Integrate LVM With Hadoop And Providing Elasticity To DataNode Storage
HADOOP
Hadoop is an open-source software framework for storing data and running applications on clusters of commodity hardware. It provides massive storage for any kind of data, enormous processing power, and the ability to handle virtually limitless concurrent tasks or jobs.
LVM
Logical Volume Management enables the combining of multiple individual hard drives or disk partitions into a single volume group (VG). That volume group can then be subdivided into logical volumes (LV) or used as a single large volume. Regular file systems, such as EXT3 or EXT4, can then be created on a logical volume.

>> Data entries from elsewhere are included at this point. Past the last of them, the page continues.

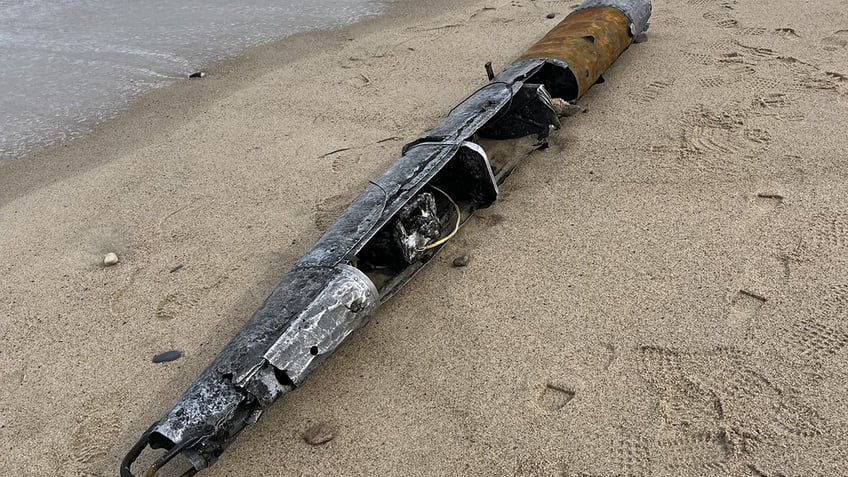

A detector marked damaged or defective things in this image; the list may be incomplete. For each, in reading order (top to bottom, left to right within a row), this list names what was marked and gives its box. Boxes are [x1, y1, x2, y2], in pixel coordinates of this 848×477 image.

burnt aircraft debris [121, 1, 648, 474]
damaged metal fuselage [121, 1, 648, 474]
torn aluminum panel [121, 0, 648, 476]
rusted cylindrical tube [516, 0, 648, 98] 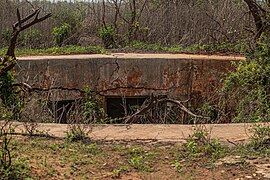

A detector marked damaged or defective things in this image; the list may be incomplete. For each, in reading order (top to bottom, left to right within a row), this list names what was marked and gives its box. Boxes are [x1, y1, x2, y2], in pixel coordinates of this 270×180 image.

rust-stained concrete [16, 53, 245, 102] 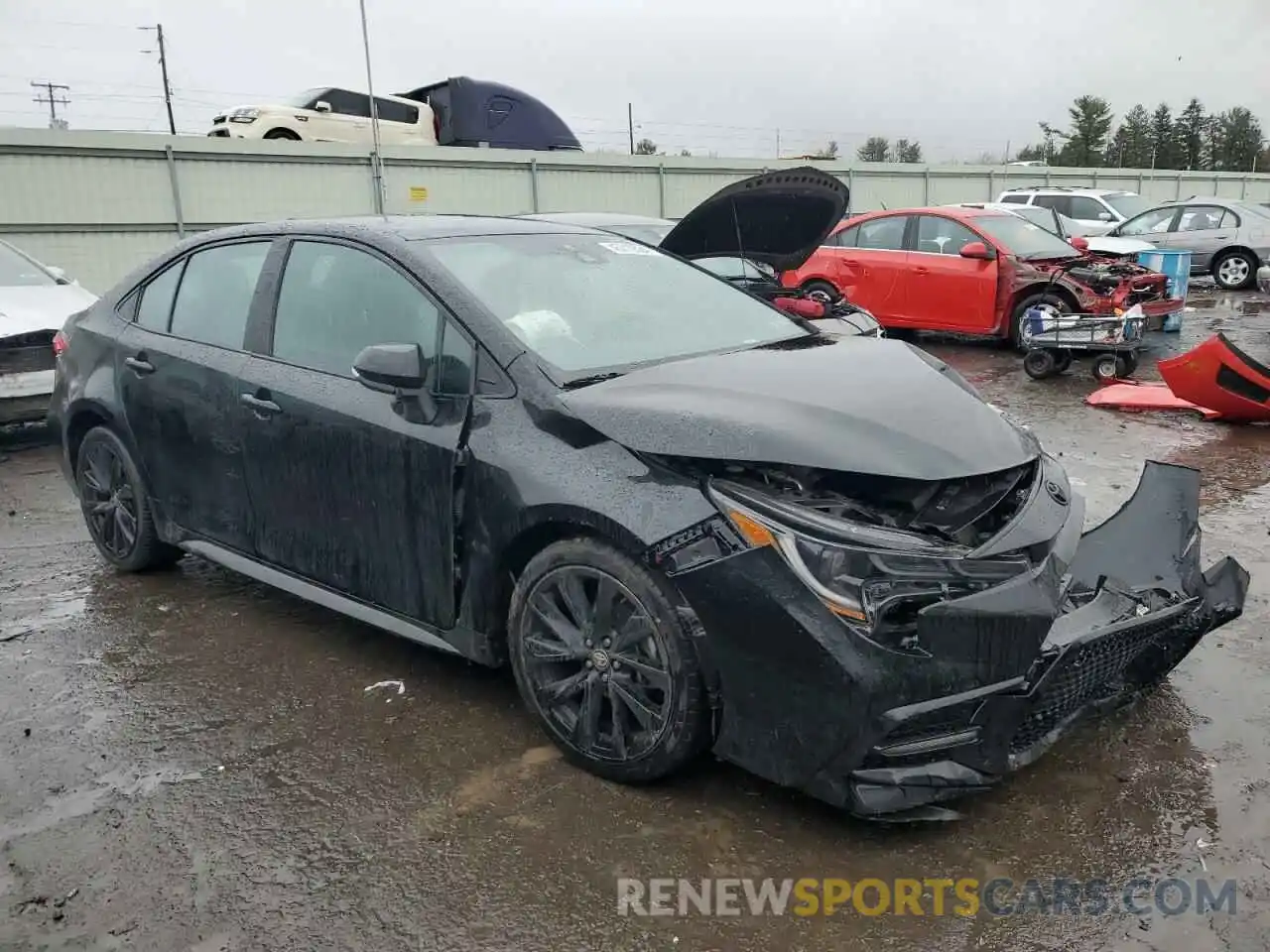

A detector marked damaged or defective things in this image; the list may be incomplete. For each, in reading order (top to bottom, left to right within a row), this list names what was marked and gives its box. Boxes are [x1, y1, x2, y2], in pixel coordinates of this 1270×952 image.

crumpled hood [0, 284, 96, 341]
crumpled hood [560, 339, 1040, 480]
cracked headlight [714, 484, 1032, 654]
front end damage [655, 454, 1254, 817]
detached bumper [675, 460, 1254, 817]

LVM helps to provides Elasticity to the Storage Device and it’s an advanced version of partition.
Use of LVM:
- Creating single logical volumes of multiple physical volumes or entire hard disks (somewhat similar to RAID 0, but more similar to JBOD), allowing for dynamic volume resizing.

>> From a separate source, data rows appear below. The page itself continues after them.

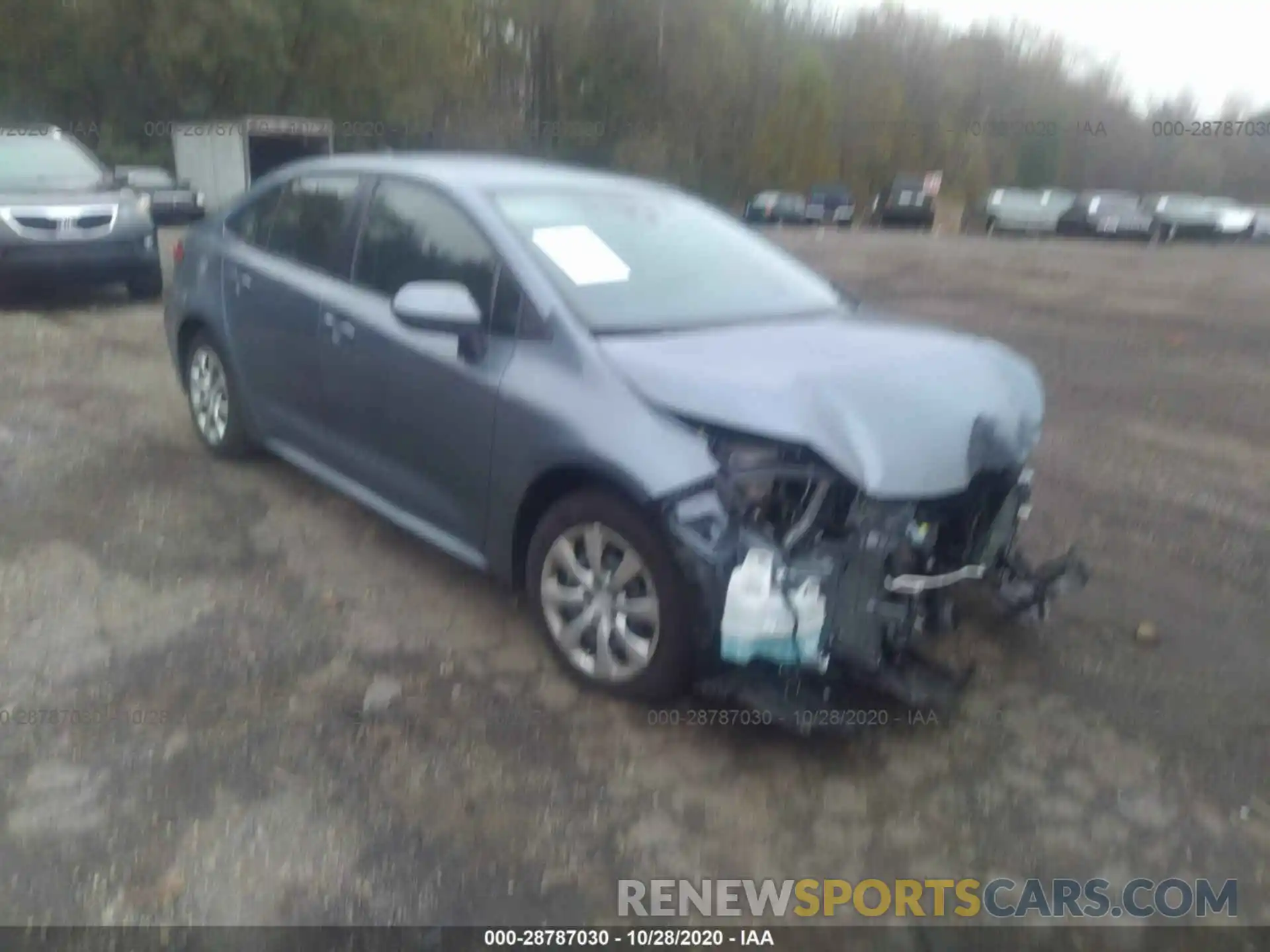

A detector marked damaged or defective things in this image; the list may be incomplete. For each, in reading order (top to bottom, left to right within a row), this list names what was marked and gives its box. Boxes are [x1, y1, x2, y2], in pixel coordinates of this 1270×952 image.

gray damaged sedan [163, 157, 1087, 721]
crumpled hood [599, 313, 1046, 502]
damaged front end [665, 428, 1092, 726] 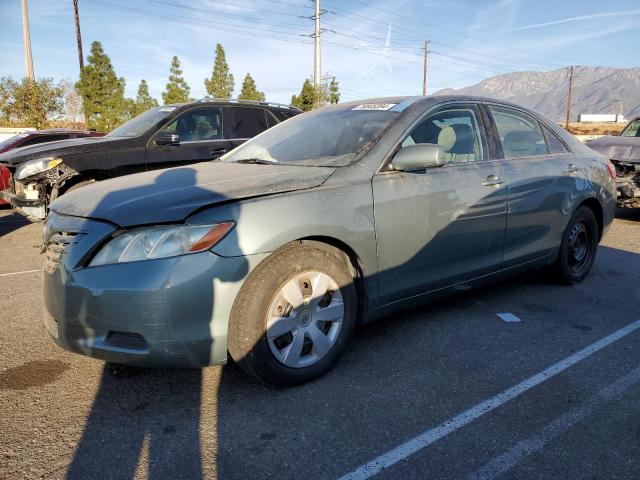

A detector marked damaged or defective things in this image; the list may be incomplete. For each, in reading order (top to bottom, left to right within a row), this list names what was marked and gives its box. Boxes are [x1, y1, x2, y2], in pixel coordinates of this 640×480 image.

damaged front bumper [608, 159, 640, 208] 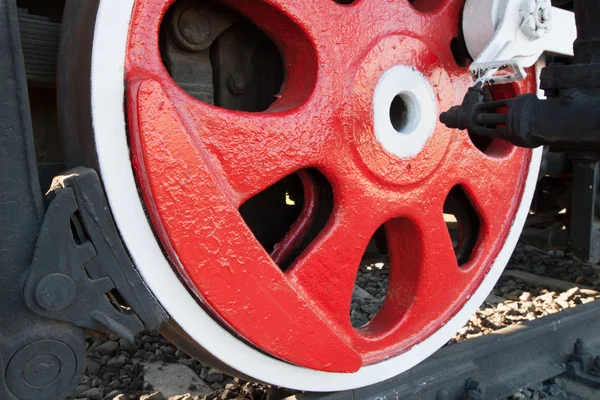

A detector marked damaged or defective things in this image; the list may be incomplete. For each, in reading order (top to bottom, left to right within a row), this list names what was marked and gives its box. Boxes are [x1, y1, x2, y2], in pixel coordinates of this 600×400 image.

chipped red paint [124, 0, 536, 372] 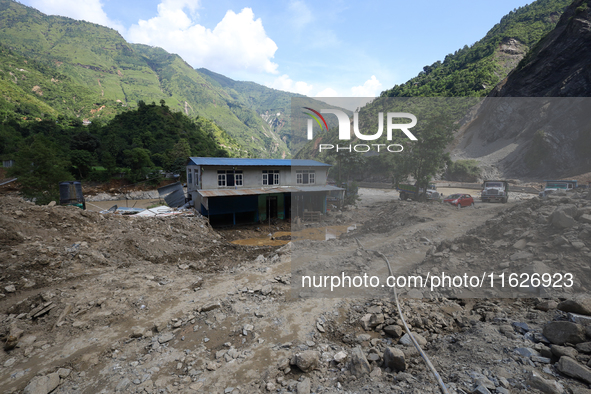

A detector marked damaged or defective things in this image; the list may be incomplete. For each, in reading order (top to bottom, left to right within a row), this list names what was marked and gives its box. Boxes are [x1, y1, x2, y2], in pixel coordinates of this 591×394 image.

damaged two-story house [185, 157, 342, 225] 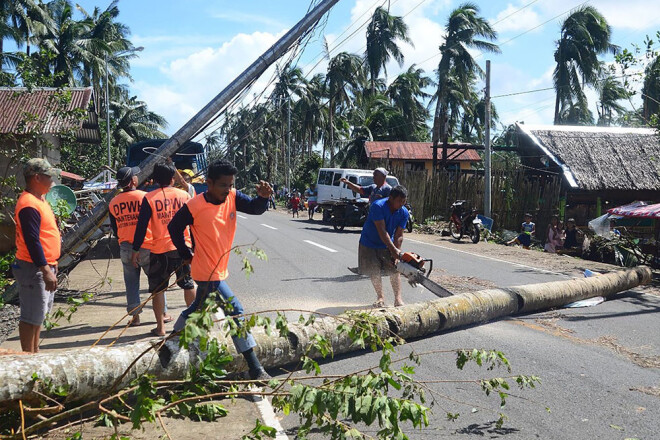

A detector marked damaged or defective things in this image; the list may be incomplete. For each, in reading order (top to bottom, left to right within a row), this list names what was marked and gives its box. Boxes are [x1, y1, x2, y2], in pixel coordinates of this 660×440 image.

damaged roof [516, 124, 660, 192] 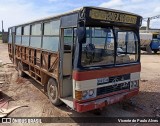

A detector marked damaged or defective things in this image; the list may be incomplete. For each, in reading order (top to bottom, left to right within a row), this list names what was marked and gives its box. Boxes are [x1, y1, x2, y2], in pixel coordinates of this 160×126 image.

rusty vehicle [8, 6, 142, 112] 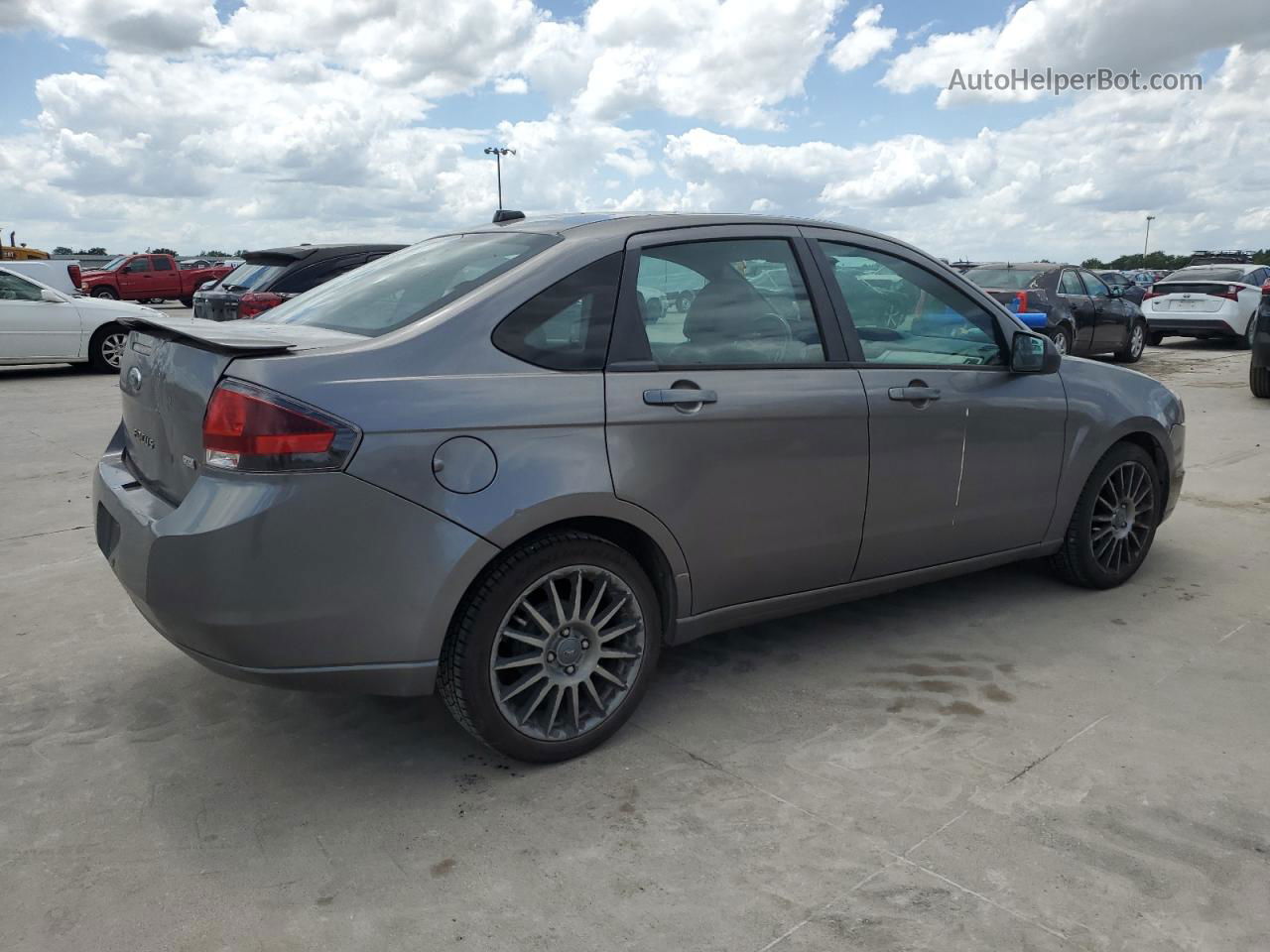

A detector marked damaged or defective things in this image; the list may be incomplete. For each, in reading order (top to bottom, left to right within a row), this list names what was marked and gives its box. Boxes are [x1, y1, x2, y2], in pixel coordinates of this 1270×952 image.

dent on rear bumper [92, 444, 495, 695]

- Managing large hard disk farms by allowing disks to be added and replaced without downtime or service disruption, in combination with hot-swapping.

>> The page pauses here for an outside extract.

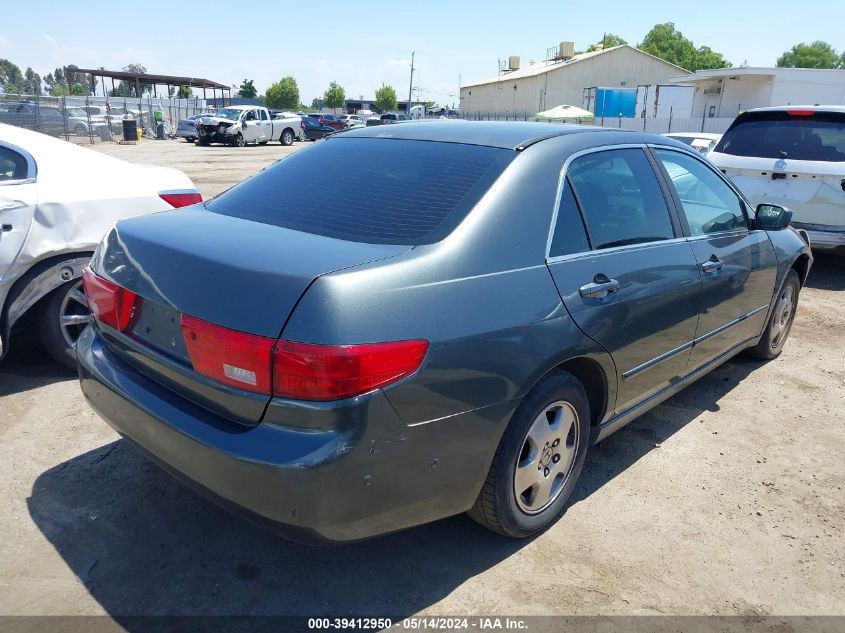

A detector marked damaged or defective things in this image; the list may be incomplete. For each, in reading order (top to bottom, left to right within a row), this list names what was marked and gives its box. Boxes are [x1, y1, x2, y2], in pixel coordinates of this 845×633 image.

damaged white car [0, 121, 199, 368]
damaged white car [196, 105, 302, 148] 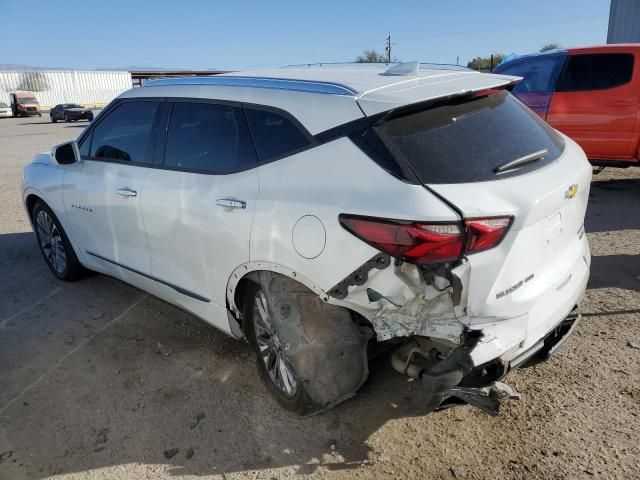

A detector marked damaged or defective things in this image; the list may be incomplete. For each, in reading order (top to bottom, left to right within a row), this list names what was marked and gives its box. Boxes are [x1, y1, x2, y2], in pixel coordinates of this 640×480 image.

- On small systems (like a desktop), instead of having to estimate at installation time how big a partition might need to be, LVM allows filesystems to be easily resized as needed.
- Performing consistent backups by taking snapshots of the logical volumes.
- Encrypting multiple physical partitions with one password.
Elasticity
Elasticity is the concept which we can use to increase or decrease the volume of Hadoop Data Node. Hadoop data nodes shared storage can’t be static so LVM is used to make it dynamic.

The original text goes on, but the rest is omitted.